登りきった時、2010歩だったので、994歩ならばほぼ中間だ。
この山は町との比高差が
∧∧ 500メートルでしたな
(‥ )
−( ‥)単純に考えれば
町から250メートル上空に
未だに河原の石が残された
ままなわけだね
先日は雪だった。町ではなんとなく降って、少し積もってすぐに溶けた雪が、山ではそのまま残っている。
まあせいぜい3センチか
∧∧ 5センチだけどね
( ‥)
−( ‥)ああしかし日本海側からの
雲もかかってきたなあ
すべては雪ともやでぼんやり白くかすむ。
ともあれ、天気予報では晴れであるし、空にはなびくもやの向こうに青空が見える。そういうわけで目的地まで進む、進む。
我々より早く来ている人が
∧∧ 1人いますなあ
(‥ )
−( ‥)足跡が小さいのだよな
中学生でないのなら
女性かな?
実はこの人、自分と同じ登山道を登ってきた人だ。先に来て、そしてその人以外の足跡は山頂に無かった。自分が訪れたのは10時42分である。早朝来たとも考えにくいから前の日に登ってきたということであろうか? 足跡を見ると山頂をあちこち散策し、閉鎖された道路を200メートルは歩き、さらには自分がこれからいく、ほとんど知られていない遊歩道にも途中まで足を向けていたことが分かる。
かなり冒険心のある
∧∧ 人みたいですね
( ‥)
−( ‥)クリスマスのイブに
なかなか剛胆な
ともあれO山を下り、尾根伝いに進む。距離は直線距離でおよそ2キロなんだが、尾根に出るまで山を一旦降りること、尾根をうねるように進むこと、目的地の最期は薮の中を登って降りねばならなかったことで、結局、1時間40分あまりかけて目的地に到着。ここは海底の堆積物に貫入した安山岩がある場所だ。
落下した安山岩の柱状節理
風化して赤くなった面と、割れた新鮮な面の対比が印象的。
そうしてマグマに接触して変成したんじゃないか? と思われる泥岩
∧∧
(‥ )左の貝殻状の割れ口が
\− 変成した泥岩で
右の白っぽいのが接触した
安山岩?
(‥ )...と最初は
思っていたけども
帰って調べてみると
なんか怪しいのだよな
接触すると変成する。マグマが地層を破って貫入する時、その高温で周囲の鉱物の再編成が起きる場合がある。当然、鉱物から作られている岩石もその有様が変成し、別の岩石へと変わるのだ。

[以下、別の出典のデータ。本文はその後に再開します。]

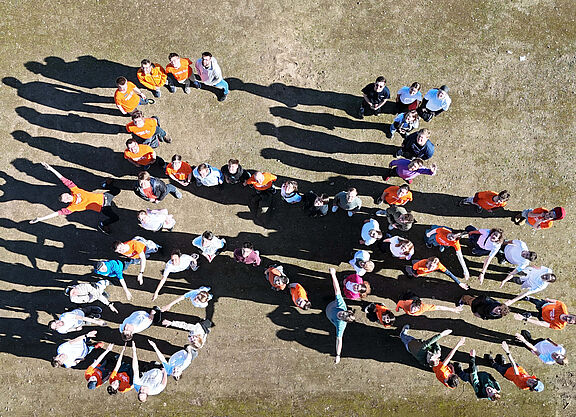 Menschen bilden ein Fahrrad Gruppe von Menschen steht auf einem Platz und bildet gemeinsam die Form eines Fahrrads. Die Personen tragen teils orangefarbene, teils weiße oder bunte Oberteile. Das Bild wurde aus der Vogelperspektive aufgenommen.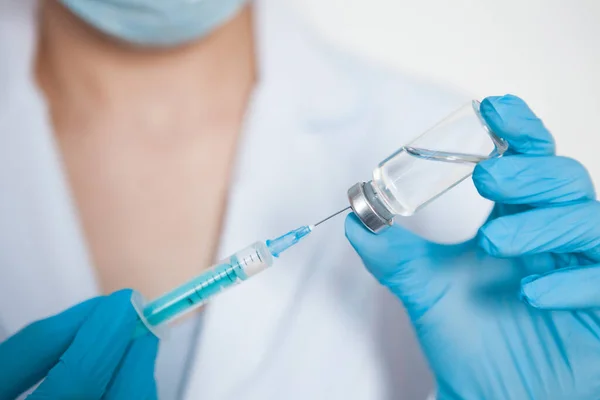 Médecin, infirmière, scientifique main dans les gants bleus tenant la grippe, la rougeole, le coronavirus, le vaccin covid-19. — Photo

その接触変成を見たくてやってきて、これがそうかと思ったこの居場所。
しかし右側の白い岩。火山活動で作られた岩石には違いないのだが、さっきの柱状節理の安山岩と見た目が違う。
帰って調べてみると、どうもこの近辺では泥岩と火成岩が互いに重なり合っているらしい。つまり画面右側の白っぽい岩、これは柱状節理の安山岩ではなく、別の火成岩ではないだろうか? つまりマグマに貫入された方の側で、地層を作っていた火成岩。
∧∧
( ‥)だとすると
この泥岩と火成岩の
並びは
マグマと泥岩が接触した
場所なのではなく
単に
当時の海底にあった
異なる地層の境界線では
ないだろうか?
( ‥)異なる落石が隣り合って
−/ いるとかじゃないのよね
まあ実のところ
画面左の石自体は
落石なんだけども
左側が同質の泥岩なのは
事実なんだよな
なんだ接触変成を見つけたわけじゃないのか…。
∧∧
(‥ )と思ってみるも
\− ここの黒い泥岩はものすごく
固いのだよね
(‥ )貝殻みたいに割れるのだ
一方、少し離れた場所では
これぞ泥岩というものが
ぼろぼろに風化しておる
質も色もまるで違う。
∧∧
( ‥)これが本来の泥岩だと
いうのなら
先ほどの黒くて固くて
結晶が肉眼で見えず
特に構造を持たない
あの泥岩は
やはり変成しているのでは?
( ‥)んーまたいって
−/ 調べてみよう
いずれにせよ、冬至を過ぎたばかりの季節である。日は2時を過ぎると傾き、あまり長くはいられない。2時半には撤収。
こんどはバスで
∧∧ 来ましょうか
(‥ )
−( ‥)歩く方が好きなんだがな
今度はバスだなあ
歩きでは時間がかかり過ぎて
すべてを見切れない
後、なんだか妙にイバラが多い場所なのである。今度はイバラを安全に取り除く道具を持ってきた方が良いように思われた。
服や肌にささるわ
引っかかるわ
足や手元をすくわれるわ
∧∧ 生地をほつれされるわ
( ‥)
−(;- -)ジーパンの生地まで
ほつれさせやがる!
自然の恵みとか
言ってる連中の
気が知れないぜ
あだだだだだっ
自然は人類の敵だ!
もうみんなね
生存競争をかけて
あらゆる防御策を
抗じるからね
∧∧ 容赦無しですぞ
(‥ )
−( - -)帰り際の山道では
ヤブタバコにびっしり
種をつけられましたよ
もうべたべたですよ
帰りは目的地と町をふさぐ山を突っ切って帰る。
ところがその山道に生えるヤブタバコの大群。
ヤブタバコはタバコの名前と裏腹にキクの仲間なんだけども綿毛を使って散布しない。べたべたのヤニのようなもので種子を動物につけるのだ。
ジーパンがべったべたである。
まああなた
ヤブタバコには
∧∧ 好印象ですから
( ‥)
−( ‥)種をはらうのが
めんどくさいけどな
いわれなき
∧∧ イバラ差別
( ‥)
−( ‥)理由はあるがな
− イバラは痛い
ヤブタバコは
痛くない
それにしてヤブタバコのヤニ、なんとも言えない、妙な臭いのするヤニである。松やにと似ているがどこか違う。心地よいわけではないが、悪くもない。小さな山の頂上で町を見下ろしながらヤブタバコの種子をズボンから払い落とし、そうして帰った。